Fortunately, treatments are available to help people counter addiction’s powerful disruptive effects. Research shows that combining addiction treatment medications with behavioral therapy is the best way to ensure success for most patients. Treatment approaches that are tailored to each patient’s drug abuse patterns and any co-occurring medical, psychiatric, and social problems can lead to sustained recovery and a life without drug abuse.
Similar to other chronic, relapsing diseases, such as diabetes, asthma, or heart disease, drug addiction can be managed successfully. And as with other chronic diseases, it is not uncommon for a person to relapse and begin abusing drugs again. Relapse, however, does not signal treatment failure—rather, it indicates that treatment should be reinstated or adjusted or that an alternative treatment is needed to help the individual regain control and recover.
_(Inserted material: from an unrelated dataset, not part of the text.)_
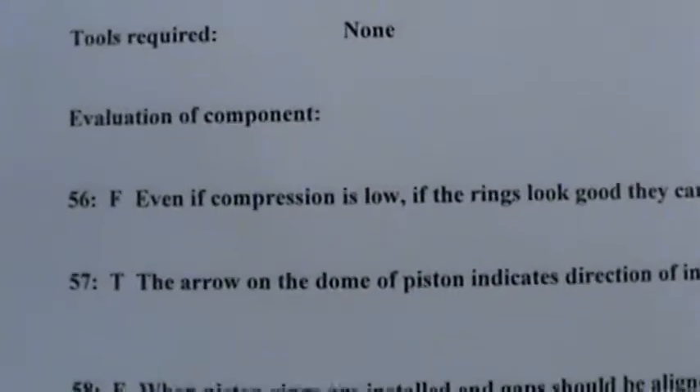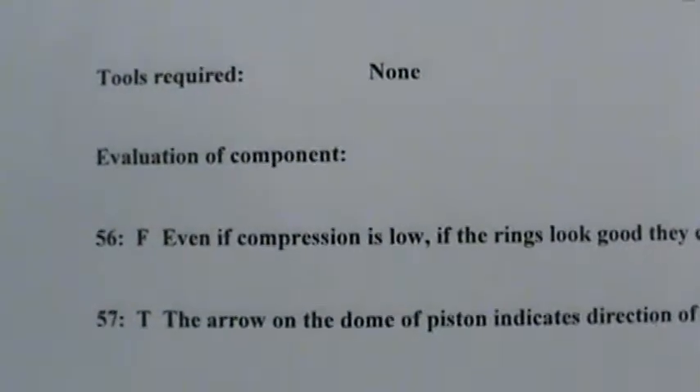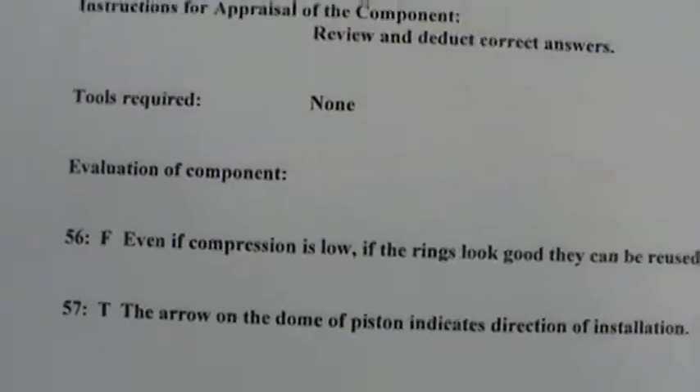Our first question concerning the piston: even if the compression is low, if the ring looks good, they can be reused. If it looks good, that doesn't mean anything.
Drugs contain chemicals that tap into the brain’s communication system and disrupt the way nerve cells normally send, receive, and process information. There are at least two ways that drugs cause this disruption: (1) by imitating the brain’s natural chemical messengers and (2) by overstimulating the “reward circuit” of the brain.
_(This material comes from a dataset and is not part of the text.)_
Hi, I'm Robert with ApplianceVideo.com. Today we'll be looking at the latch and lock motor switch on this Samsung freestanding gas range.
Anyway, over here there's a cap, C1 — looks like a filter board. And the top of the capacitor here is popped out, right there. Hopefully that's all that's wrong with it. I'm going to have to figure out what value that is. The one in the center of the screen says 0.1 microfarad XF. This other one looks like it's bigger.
Some drugs (e.g., marijuana and heroin) have a similar structure to chemical messengers called neurotransmitters, which are naturally produced by the brain. This similarity allows the drugs to “fool” the brain’s receptors and activate nerve cells to send abnormal messages.
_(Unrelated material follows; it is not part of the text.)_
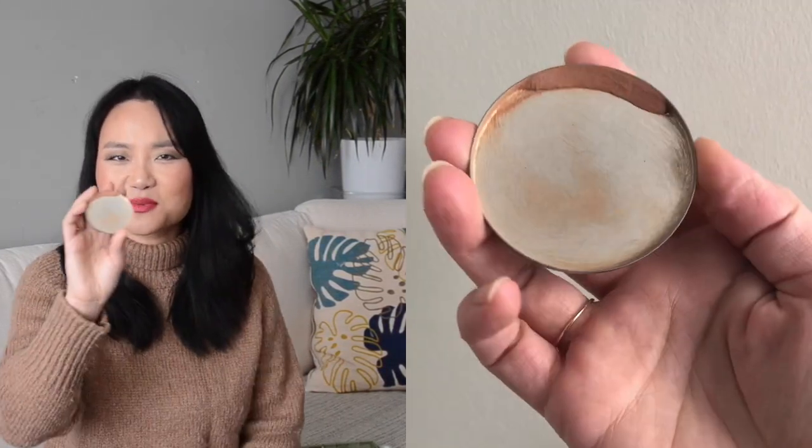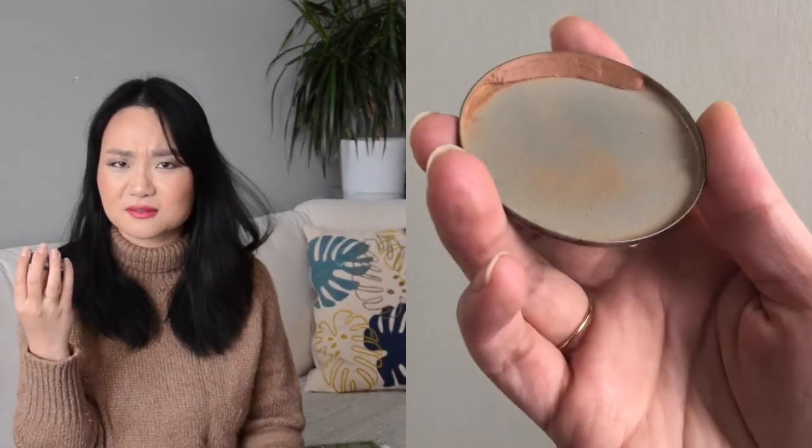Item number seven is this Sonia Kashuk cream bronzer. If you've seen my face makeup inventory, you can see how much product is left — this one is going to be gone in probably about ten uses depending on how heavily I apply it. I've actually been dying to get this one out, which is part of why I really wanted to film this video.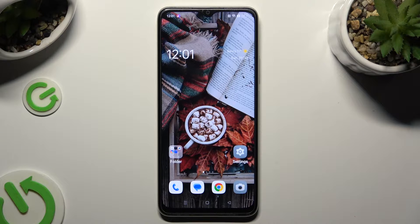Hi, in front of me is Oppo A38 and today I would like to show you how you can set up face unlock.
Other drugs, such as cocaine or methamphetamine, can cause the nerve cells to release abnormally large amounts of natural neurotransmitters (mainly dopamine) or to prevent the normal recycling of these brain chemicals, which is needed to shut off the signaling between neurons. The result is a brain awash in dopamine, a neurotransmitter present in brain regions that control movement, emotion, motivation, and feelings of pleasure. The overstimulation of this reward system, which normally responds to natural behaviors linked to survival (eating, spending time with loved ones, etc.), produces euphoric effects in response to psychoactive drugs. This reaction sets in motion a reinforcing pattern that “teaches” people to repeat the rewarding behavior of abusing drugs.
As a person continues to abuse drugs, the brain adapts to the overwhelming surges in dopamine by producing less dopamine or by reducing the number of dopamine receptors in the reward circuit. The result is a lessening of dopamine’s impact on the reward circuit, which reduces the abuser’s ability to enjoy not only the drugs but also other events in life that previously brought pleasure. This decrease compels the addicted person to keep abusing drugs in an attempt to bring the dopamine function back to normal, but now larger amounts of the drug are required to achieve the same dopamine high—an effect known as tolerance.
Long-term abuse causes changes in other brain chemical systems and circuits as well. Glutamate is a neurotransmitter that influences the reward circuit and the ability to learn. When the optimal concentration of glutamate is altered by drug abuse, the brain attempts to compensate, which can impair cognitive function. Brain imaging studies of drug-addicted individuals show changes in areas of the brain that are critical to judgment, decision making, learning and memory, and behavior control. Together, these changes can drive an abuser to seek out and take drugs compulsively despite adverse, even devastating consequences—that is the nature of addiction.
No single factor can predict whether a person will become addicted to drugs. Risk for addiction is influenced by a combination of factors that include individual biology, social environment, and age or stage of development. The more risk factors an individual has, the greater the chance that taking drugs can lead to addiction. For example:
Drug addiction is a preventable disease. Results from NIDA-funded research have shown that prevention programs involving families, schools, communities, and the media are effective in reducing drug abuse. Although many events and cultural factors affect drug abuse trends, when youths perceive drug abuse as harmful, they reduce their drug taking. Thus, education and outreach are key in helping youth and the general public understand the risks of drug abuse. Teachers, parents, and medical and public health professionals must keep sending the message that drug addiction can be prevented if one never abuses drugs.